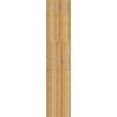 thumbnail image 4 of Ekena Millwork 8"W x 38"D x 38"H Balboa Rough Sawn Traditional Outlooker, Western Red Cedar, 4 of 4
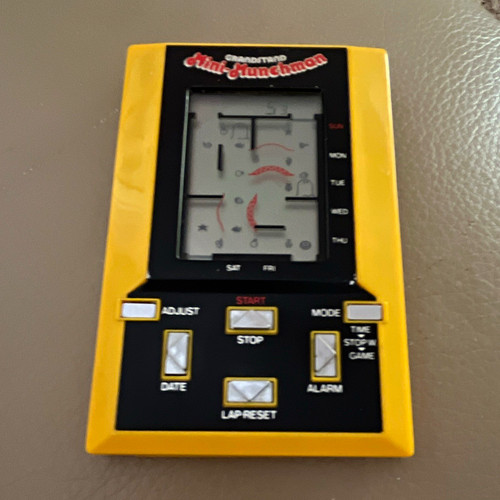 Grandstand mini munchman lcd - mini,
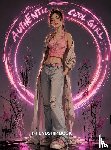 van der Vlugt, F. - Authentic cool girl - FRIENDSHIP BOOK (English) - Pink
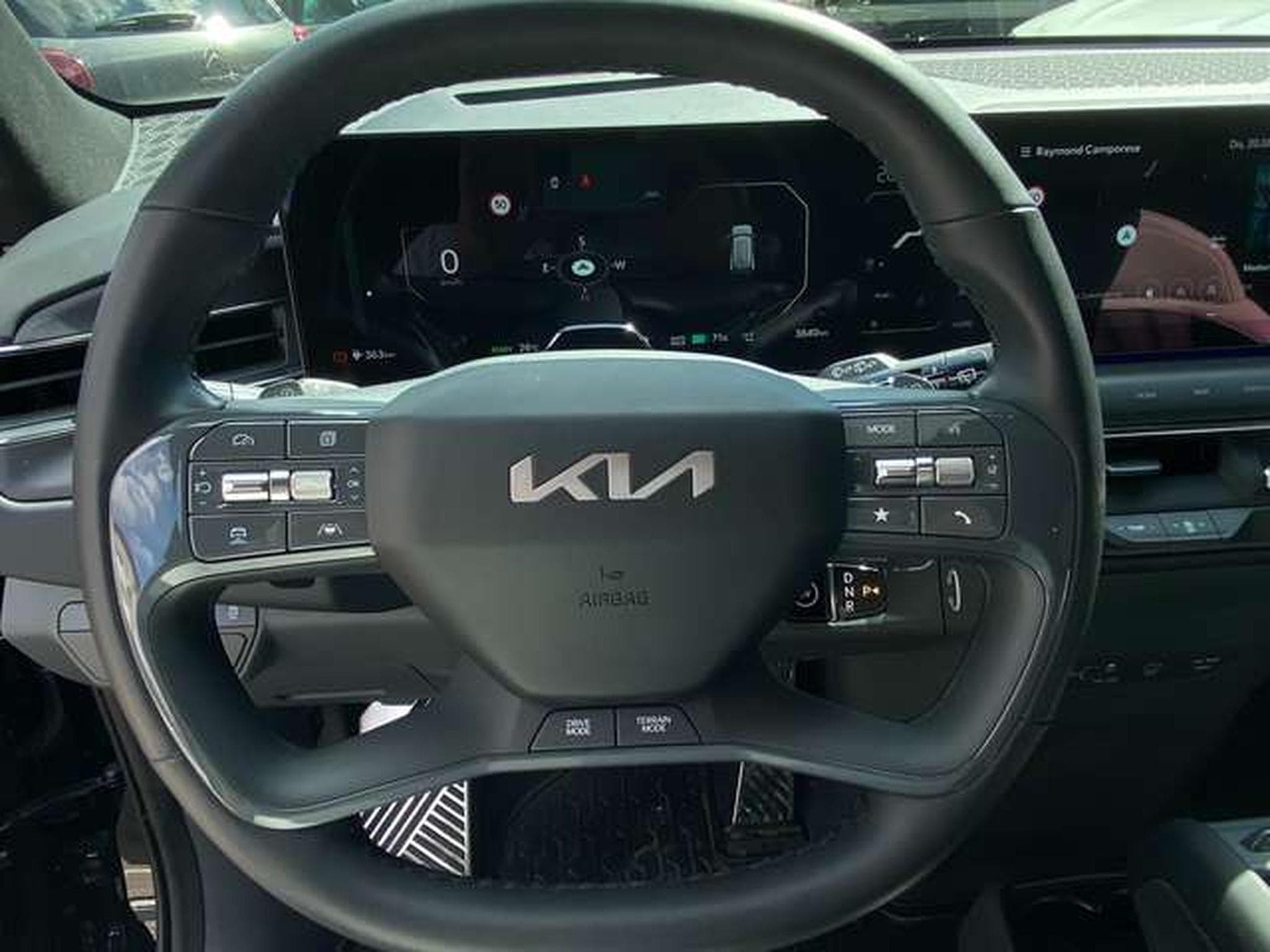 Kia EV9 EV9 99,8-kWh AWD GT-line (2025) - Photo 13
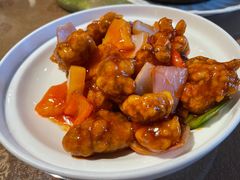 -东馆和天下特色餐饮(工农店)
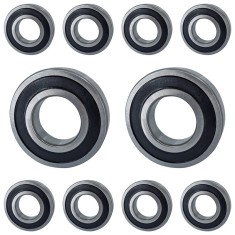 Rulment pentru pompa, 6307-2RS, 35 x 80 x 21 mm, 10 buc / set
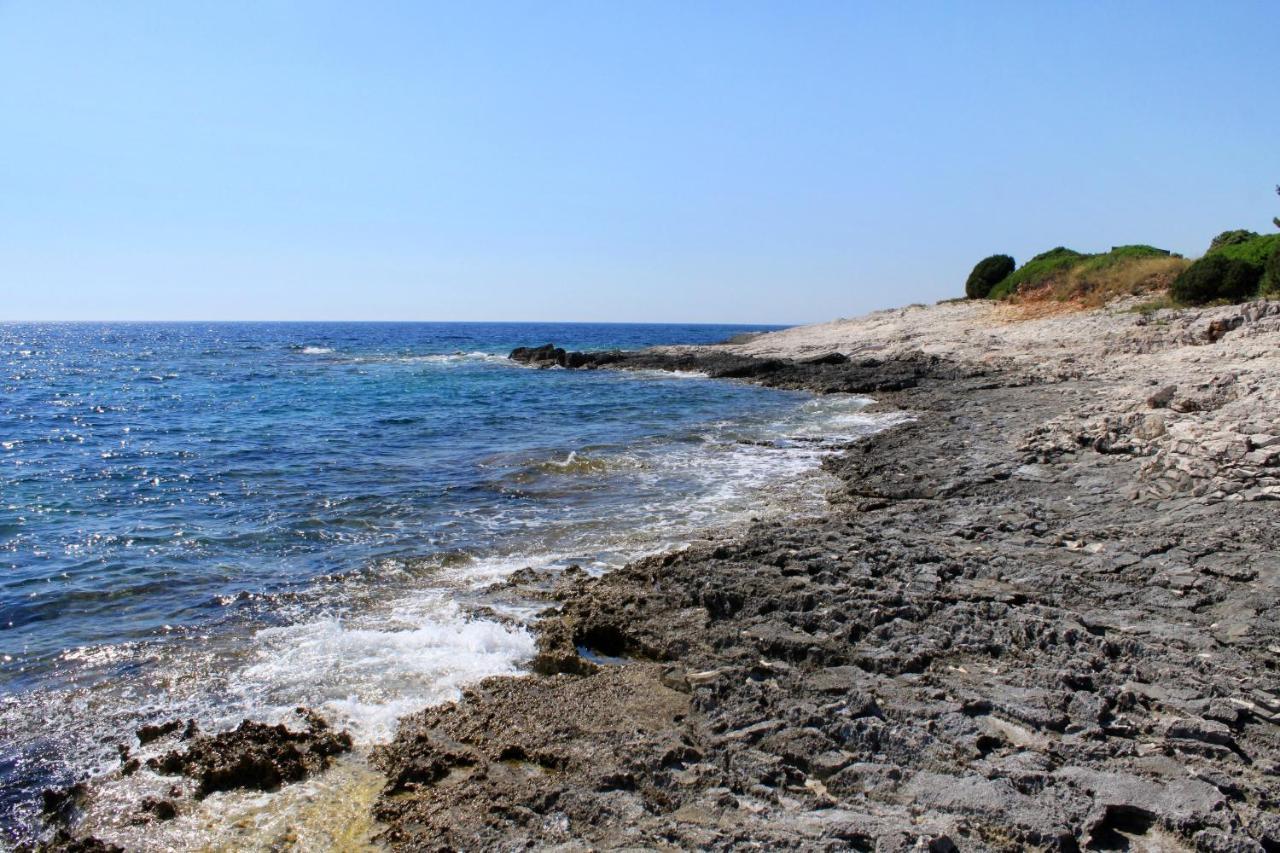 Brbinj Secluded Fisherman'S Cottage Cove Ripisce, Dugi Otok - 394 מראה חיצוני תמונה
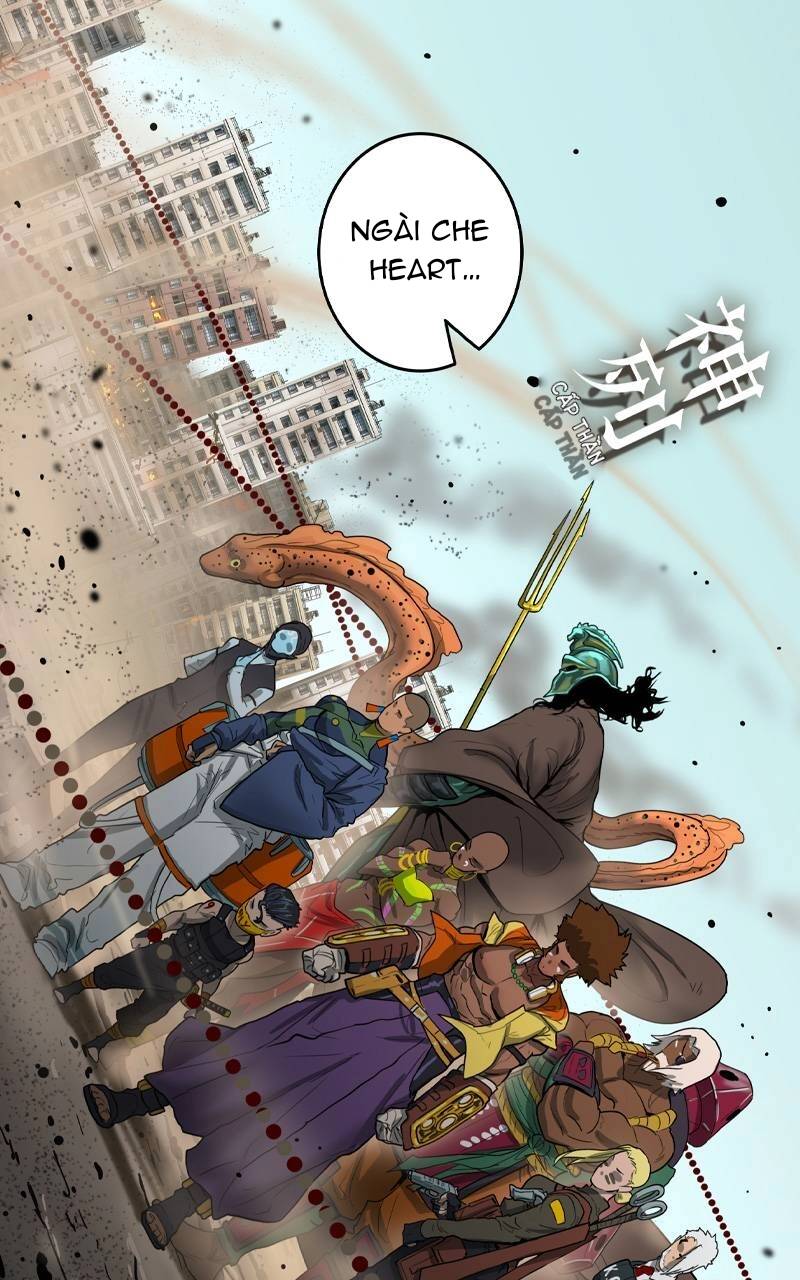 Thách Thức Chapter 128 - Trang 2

==

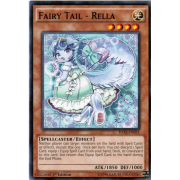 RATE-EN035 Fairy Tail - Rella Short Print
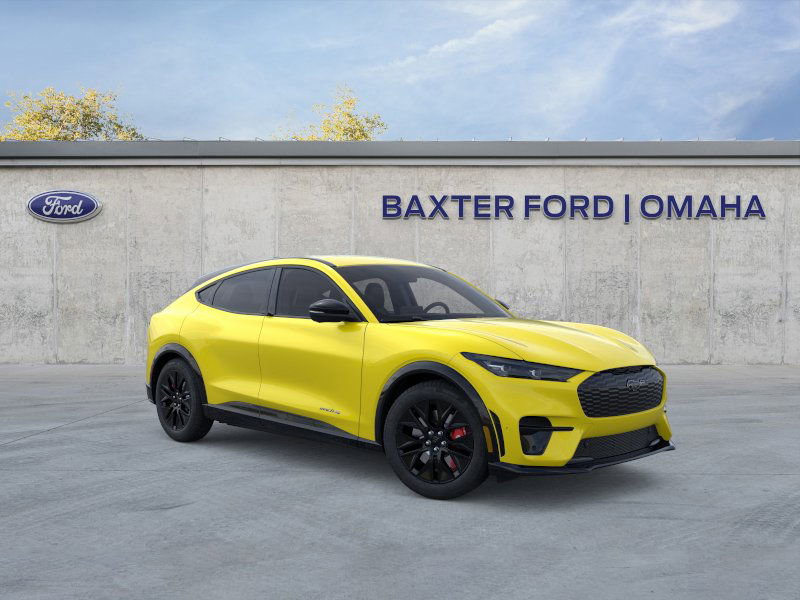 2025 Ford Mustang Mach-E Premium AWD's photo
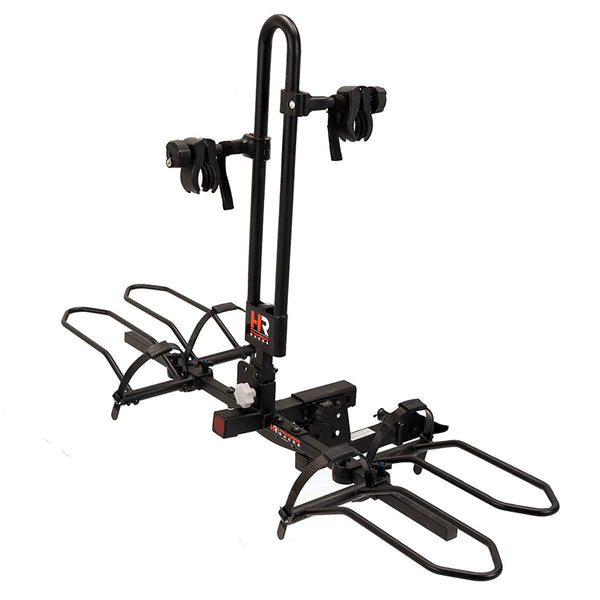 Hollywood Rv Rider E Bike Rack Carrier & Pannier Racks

---

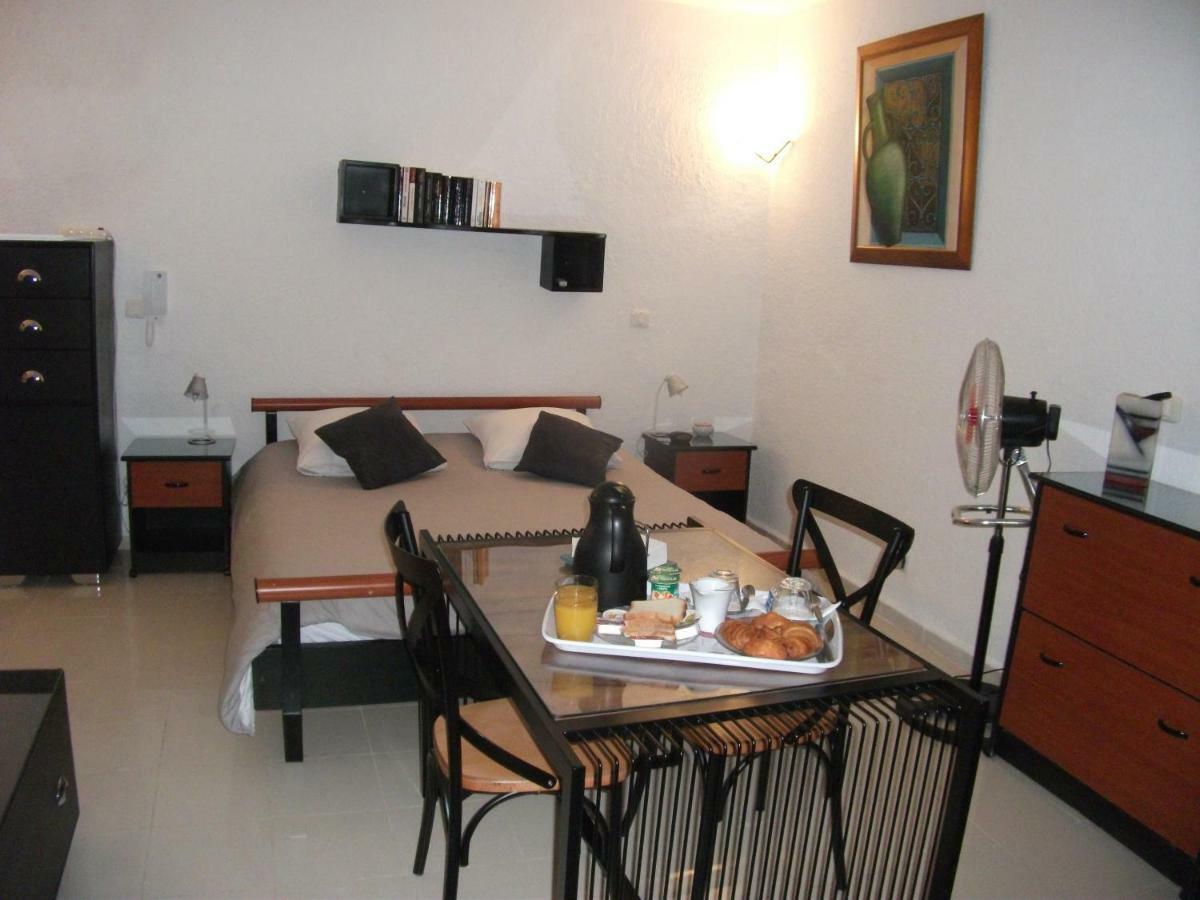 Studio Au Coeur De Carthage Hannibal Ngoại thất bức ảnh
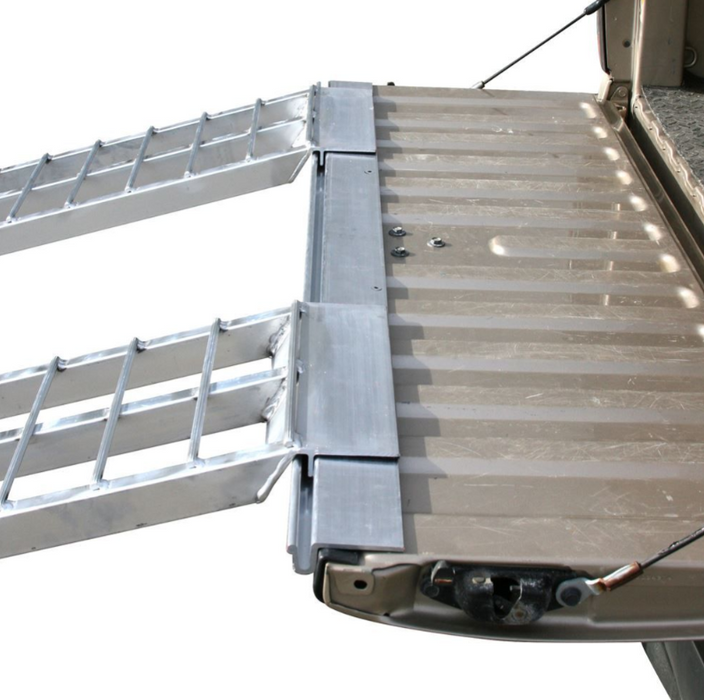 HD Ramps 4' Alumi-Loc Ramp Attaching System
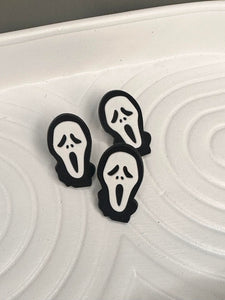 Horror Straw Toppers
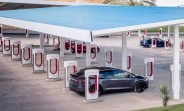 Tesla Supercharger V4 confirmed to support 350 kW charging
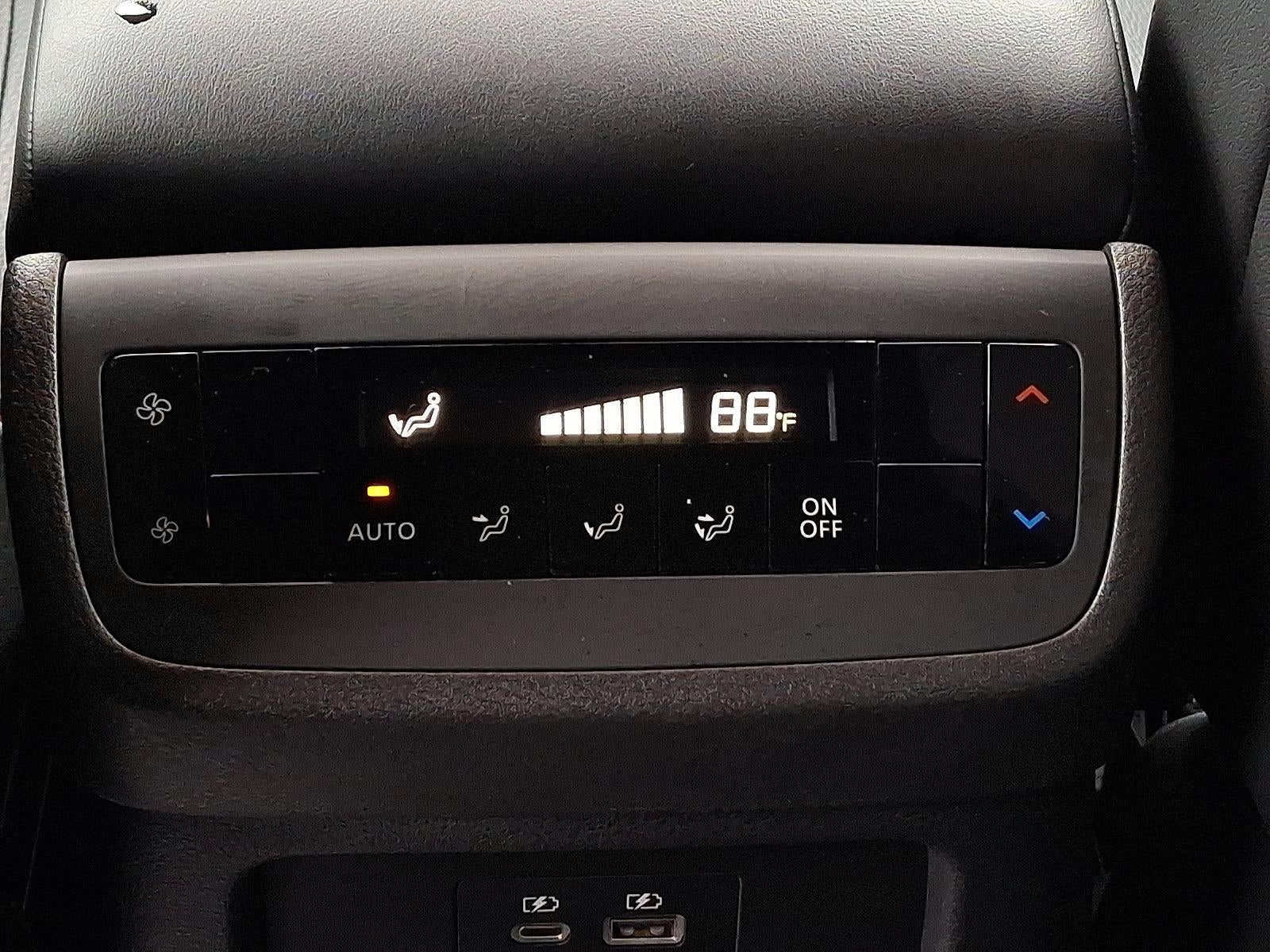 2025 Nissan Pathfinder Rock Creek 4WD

ACTIVITY: Above are the records; please give again, exactly and in full, only the lines that run from the line with "Kia EV9 EV9" through the line with "Thách Thức Chapter 128 - Trang 2", with no pictures.

EXPECTED OUTPUT:
 Kia EV9 EV9 99,8-kWh AWD GT-line (2025) - Photo 13
 -东馆和天下特色餐饮(工农店)
 Rulment pentru pompa, 6307-2RS, 35 x 80 x 21 mm, 10 buc / set
 Brbinj Secluded Fisherman'S Cottage Cove Ripisce, Dugi Otok - 394 מראה חיצוני תמונה
 Thách Thức Chapter 128 - Trang 2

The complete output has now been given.